Indiana Daily Student

IU tries to get back on track at Michigan

A rough patch in the No. 14 IU men’s soccer season will get rockier Saturday when the Hoosiers hit the road once again to face Big Ten foe Michigan and try to snap a two-game losing skid.

“We have a hill to climb now,” sophomore forward Alec Purdie said. “We may have to win the Big Ten to get in now and I think we’ve ignited a fire that we should have had from day one. It’s sad to say, but sometimes you can take good things from losses. Hopefully we can kick it into gear now.”

The Hoosiers, 5-4-1 (1-0), come off Wednesday night’s disappointing home upset against Butler and a 3-0 shelling at then-No. 11 UC-Santa Barbara.
Saturday’s contest is IU’s first Big Ten match since defeating Wisconsin in Madison, Wis., Sept. 25 when IU won 1-0.

Having lost two straight and one against a non-ranked regional team, IU coach Mike Freitag emphasized the importance of Saturday’s game.

“Big game,” he said. “Big Ten is going to be very important for us. We are going to have to do well in the Big Ten. When you’re only a game above .500 or so, you’ve got to start winning some games. Going on the road to Michigan with a team that’s scoring some goals, it’s going to be a big task.”

Beyond the midway point of the season, that task holds a lot of weight.

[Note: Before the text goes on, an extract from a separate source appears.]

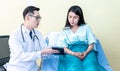Asian man doctor Explaining treatment procedures And health insurance plans For women patients Royalty Free Stock Photo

If they come away with a third straight loss Saturday, the Hoosiers face being .500 at this point in the season for the first time this decade and unranked for the first time all year.

“I don’t think the (ranking) number has anything to do with it,” Purdie said. “Numbers don’t mean anything unless you produce. Unfortunately, to this point, we’ve had a few losses that we haven’t played all that bad in but we’ve been on the wrong end of, so those are the games we need to make sure the result is a win, especially the Big Ten games.”

This season’s start is the Hoosiers’ worst since 2003 when IU posted a 5-3-3 record in its first 11 games. The Hoosiers went on to win the NCAA Championship that year.

Senior forward Darren Yeagle said the issue that most urgently needs to be remedied is to be mentally tough rather than play better physically.

“Whenever we get scored on, I don’t know why, but we always put our heads down,” he said referencing IU’s double-overtime letdown against Butler after giving up a late goal. “We just have to correct it.”

Freitag said that in order to fix the big picture, hard work and attention to detail could right the ship. He said the process begins at Michigan.

“You have to go back and work,” he said. “Hold each other accountable, be positive, hold yourself to high standards ever day and do all the little things right.”